Crashes and Disasters |
Pilot error led to 2022 San Jose plane crash near Reid-Hillview Airport

Federal officials blamed the pilot’s incorrect belief that he had two full tanks of fuel

Rick Hurd, Breaking news/East Bay for the Bay Area News Group is photographed for a Wordpress profile in Walnut Creek, Calif., on Thursday, July 28, 2016. (Anda Chu/Bay Area News Group)
PUBLISHED: | UPDATED:

SAN JOSE — A small-plane crash two years ago near a small airport happened because of pilot error that caused the plane to lose power shortly after takeoff and not because the airport lacked a certain type of aviation fuel, authorities said.

The National Transportation Safety Board recently released the final report on the July 22, 2022, crash near the Reid-Hillview Airport. The 42-year-old pilot was the plane’s only occupant and survived the crash near the intersection of Ocala Avenue and Karl Street, albeit with significant injuries.

According to the NTSB, the plane had undergone “inadequate preflight inspection and fuel management.”

The Piper had 15 gallons of fuel available in one of two tanks, but the pilot used a tank that became depleted while the aircraft underwent its annual inspection at the airport. According to the NTSB, those errors by the pilot “resulted in fuel starvation, a total loss of engine power and an impact with the terrain.”

The NTSB said Reid-Hillview Airport did not sell the 100LL leaded aviation fuel that the Piper needed but that the lack of fuel at the airport did not likely influence the pilot’s decision “as he believed he had sufficient fuel to complete the flight.” It is one of only two airports in the country which sell only 94-octane unleaded avgas.

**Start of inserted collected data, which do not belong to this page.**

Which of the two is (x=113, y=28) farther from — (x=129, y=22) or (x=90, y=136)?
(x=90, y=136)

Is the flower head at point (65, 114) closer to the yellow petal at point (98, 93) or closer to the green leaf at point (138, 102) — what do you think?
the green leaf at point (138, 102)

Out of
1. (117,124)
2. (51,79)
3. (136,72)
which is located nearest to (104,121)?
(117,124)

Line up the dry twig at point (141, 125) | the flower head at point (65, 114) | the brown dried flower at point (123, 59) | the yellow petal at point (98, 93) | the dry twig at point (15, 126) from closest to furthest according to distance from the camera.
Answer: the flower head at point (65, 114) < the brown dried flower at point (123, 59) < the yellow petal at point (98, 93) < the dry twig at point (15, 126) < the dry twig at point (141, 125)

The pilot had intended to fly about 5 miles to Norman Mineta San Jose International Airport, the NTSB said.

Santa Clara County officials made the decision to sell only unleaded avgas at county airports starting in January 2022 after a county-commissioned study released in August 2021 found higher levels of lead in thousands of children living in the area around Reid-Hillview Airport.

A study released in June 2022 found that soil samples taken at the airport did not contain lead levels that exceeded local, state or federal levels. A federal study by the Environmental Protection Agency, released in 2023, found that leaded aviation fuel emissions were a public health hazard.

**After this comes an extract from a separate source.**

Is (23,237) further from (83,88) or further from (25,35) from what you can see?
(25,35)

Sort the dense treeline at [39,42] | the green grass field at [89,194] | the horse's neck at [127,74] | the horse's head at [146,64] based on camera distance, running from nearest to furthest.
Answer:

“The final accident report confirms what we believed to be true at the time of the incident — that the decision to go lead-free at county airports did not cause the crash,” County Executive James R. Williams said in a statement released by the county.

Overfelt High School, Clyde Fischer Middle School, Donald Meyer Elementary, a boys and girls clubhouse and Hank Lopez Community Center, along with scores of homes, all are located with a block or two of the crash site.